The New Yorker magazine revealed that the former Miramax producer hired Black Cube as well as Kroll, one of the world’s largest corporate intelligence firms. Their brief was to find out compromising details about the personal lives and sexual histories of the dozens of women and journalists who were in a position to expose him.
According to the investigation, Black Cube, which describes itself as “a select group of veterans from the Israeli elite intelligence,” repeatedly fished for information on actress Rose McGowan, who publicly accused Weinstein of rape.
A female Black Cube operative who went by the alias “Diana Filip” posed as the deputy head for private investment at London wealth management firm Reuben Capital Partner. In this guise she approached McGowan several times, apparently seeking to establish a friendship. During their meetings, “Filip” recorded conversations with the actress.
Ben Wallace, a New York-based reporter who was covering sex abuse allegations against Weinstein, said that the same woman met with him twice last autumn. She identified herself only as Anna and claimed she also had an allegation against Weinstein. Wallace recounted that the woman spoke with a German accent and had a UK mobile phone number.
It turned out that “Diana Filip” and “Anna” were creations of a former Israeli Defense Force officer employed by Black Cube, according to three informed sources. When shown photos of the Black Cube operative, McGowan recalled her vividly. “Oh my God,” she replied. “Reuben Capital. Diana Filip. No f***ing way.”
Security agencies hired by Weinstein also dug up information on dozens of people, including personal and sexual histories. Notably, a report compiled on McGowan by a separate private security firm included the sub-heading “Past lovers.”
In other instances, the information-gathering effort was spearheaded by Weinstein’s lawyers. One of them was David Boies, a renowned attorney who represented Al Gore during the presidential election dispute back in 2000; he also argued for marriage equality before the US Supreme Court.

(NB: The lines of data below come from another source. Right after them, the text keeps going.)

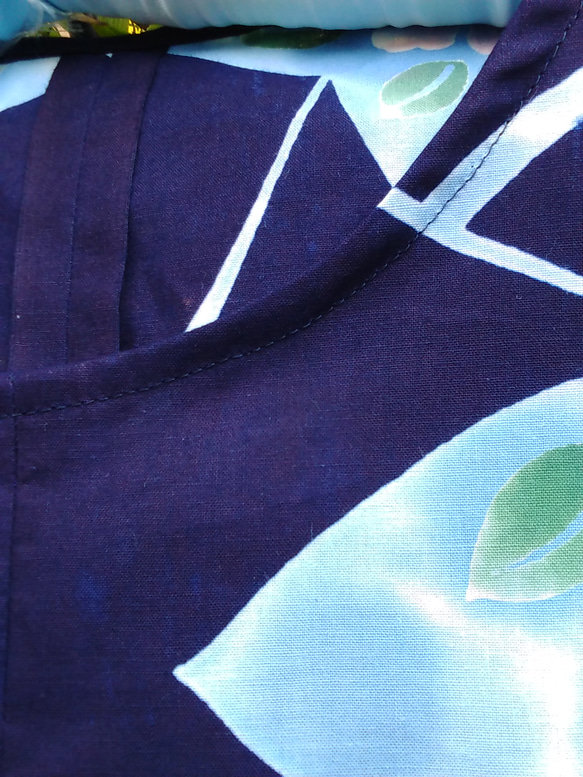 ゆかた地　綿　フレンチブラウス　紺色に花柄 3枚目の画像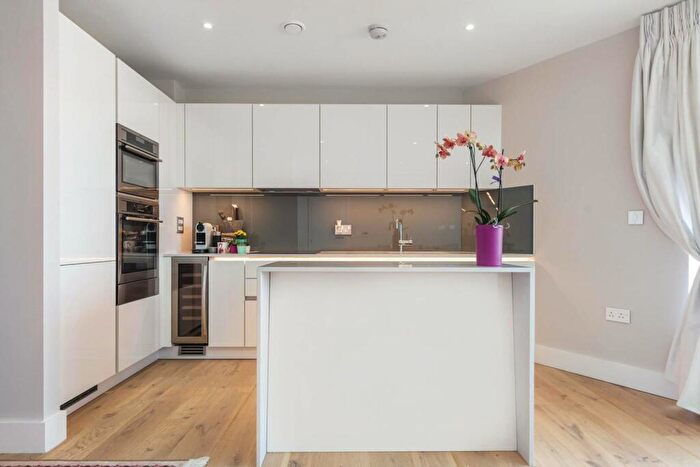 2 Bedroom Flat To Rent In Lombard Wharf, Battersea Square, London, SW11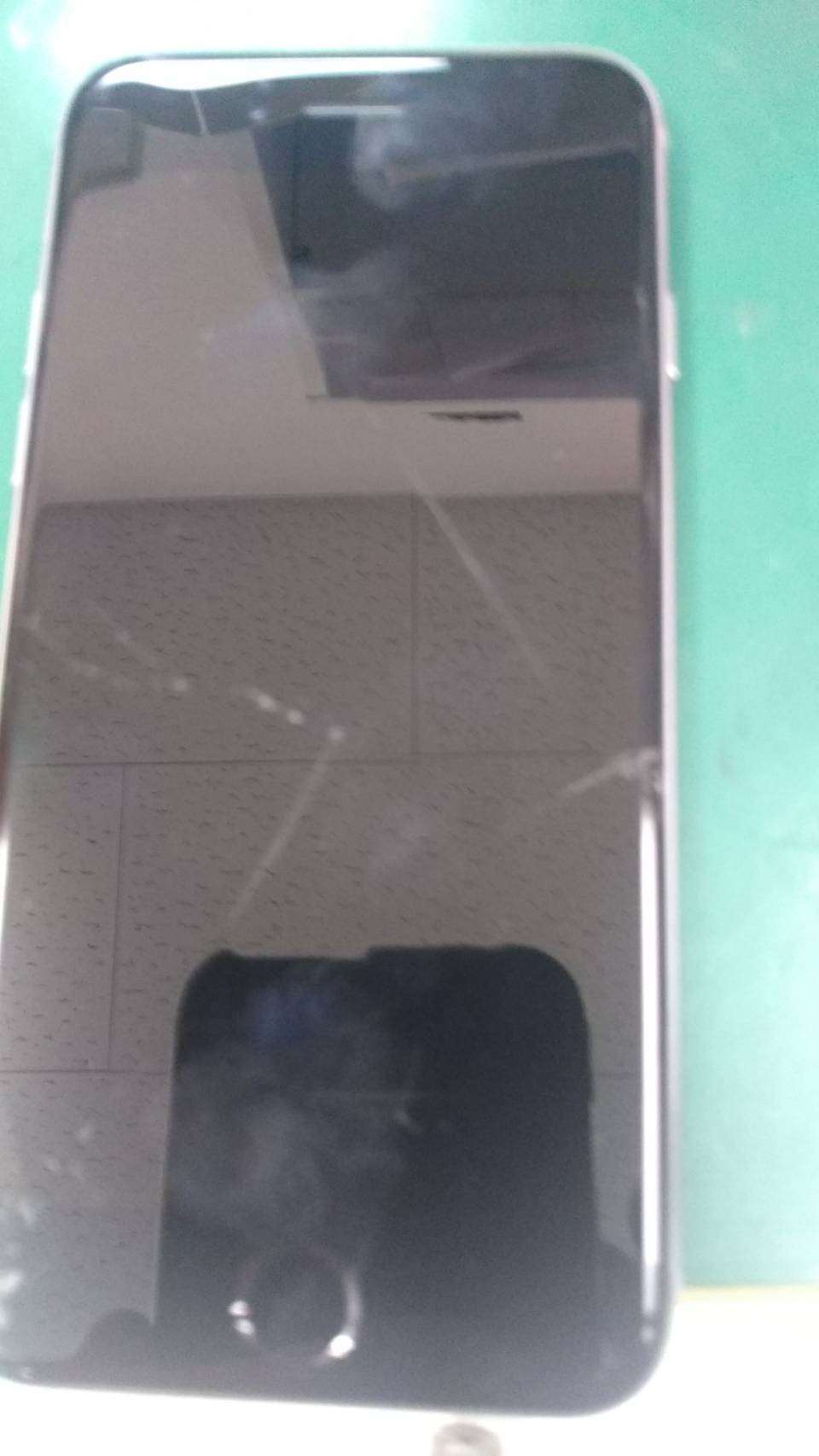 6s 画面割れ修理でご来店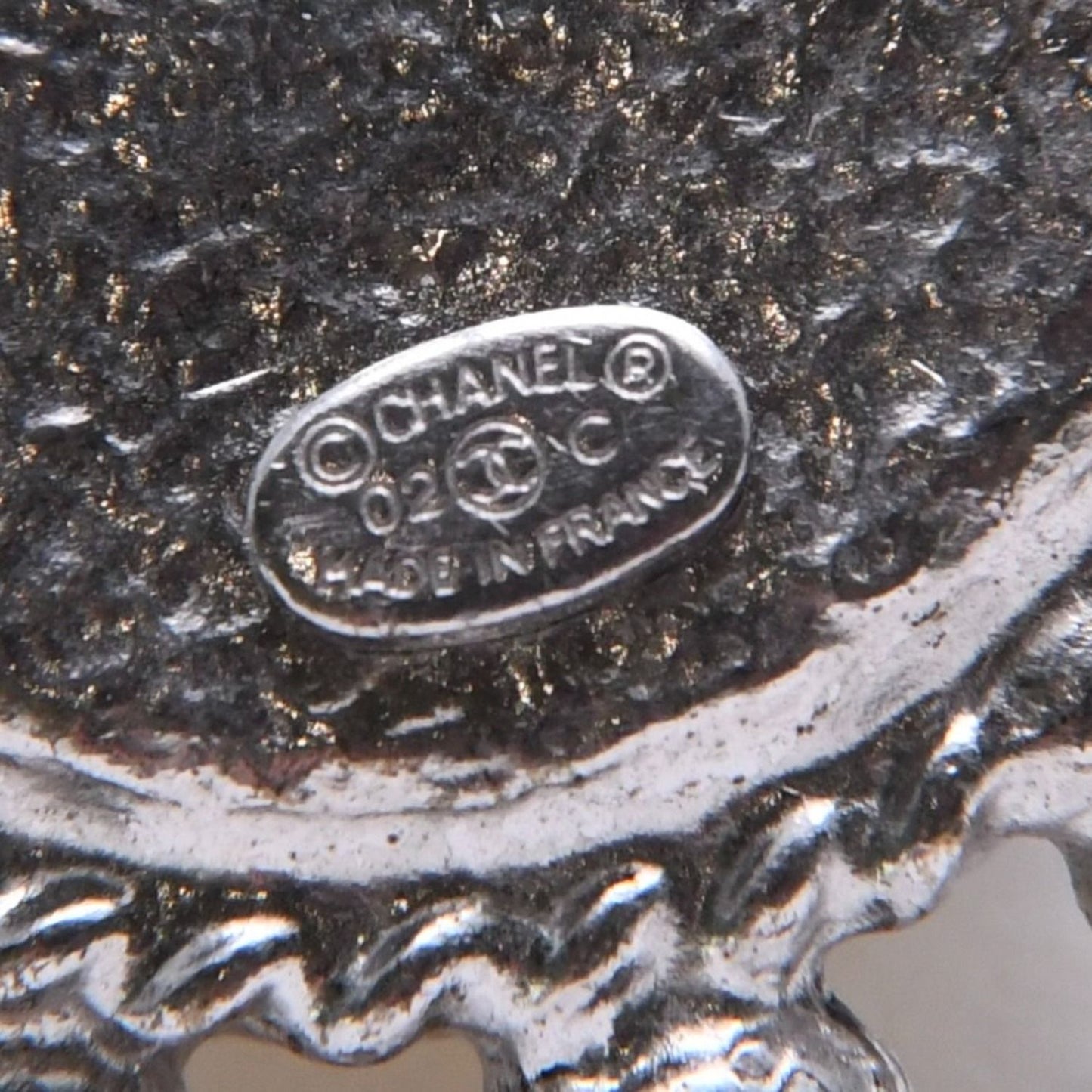 Chanel Earrings CC Logo Rhinestone Pearl 02 Silver — view 8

In October 2016, Boies’s law firm, Boies Schiller Flexner, transferred a $600,000 invoice under a contract signed between the two entities earlier that month. One, dated July 11, 2017, and signed by Boies, states that the effort’s “primary objectives” were to “provide intelligence which will help the Client’s efforts to completely stop the publication of a new negative article in a leading NY newspaper.”

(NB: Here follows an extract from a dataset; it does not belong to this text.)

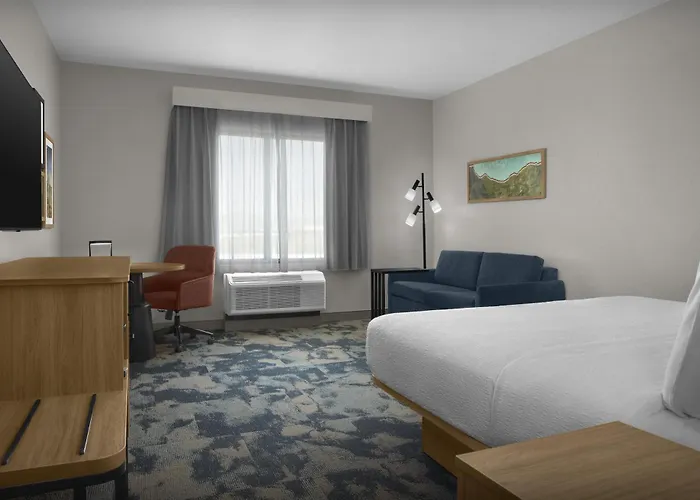 Hampton & Phoenix Glendale-westgate Hotel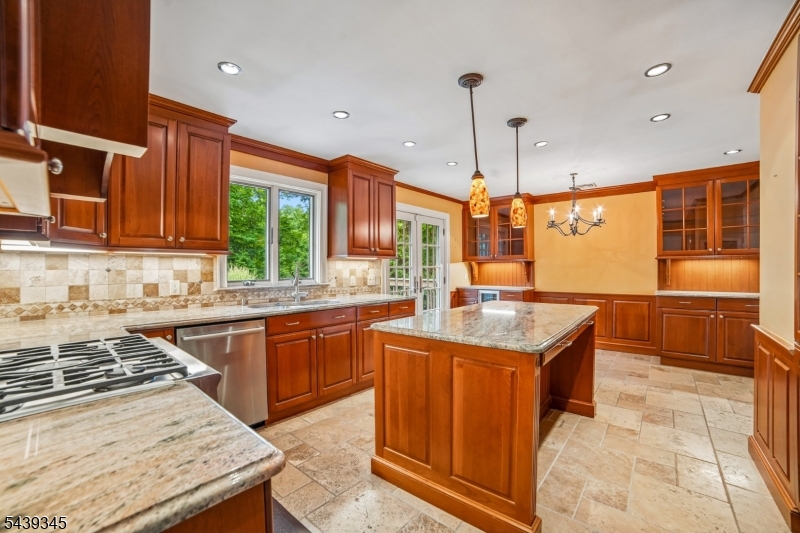 87 Reinman Road Warren, NJ 07059 - Photo 13 of 43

The agents also had to “obtain additional content of a book which is currently being written and includes harmful negative information on and about the Client.” The story in question was published in the New York Times on October 5th, which suggested Weinstein has paid off harassment accusers for decades. The book mentioned in the contract was a memoir by McGowan entitled ‘Brave’, scheduled for publication by HarperCollins in January.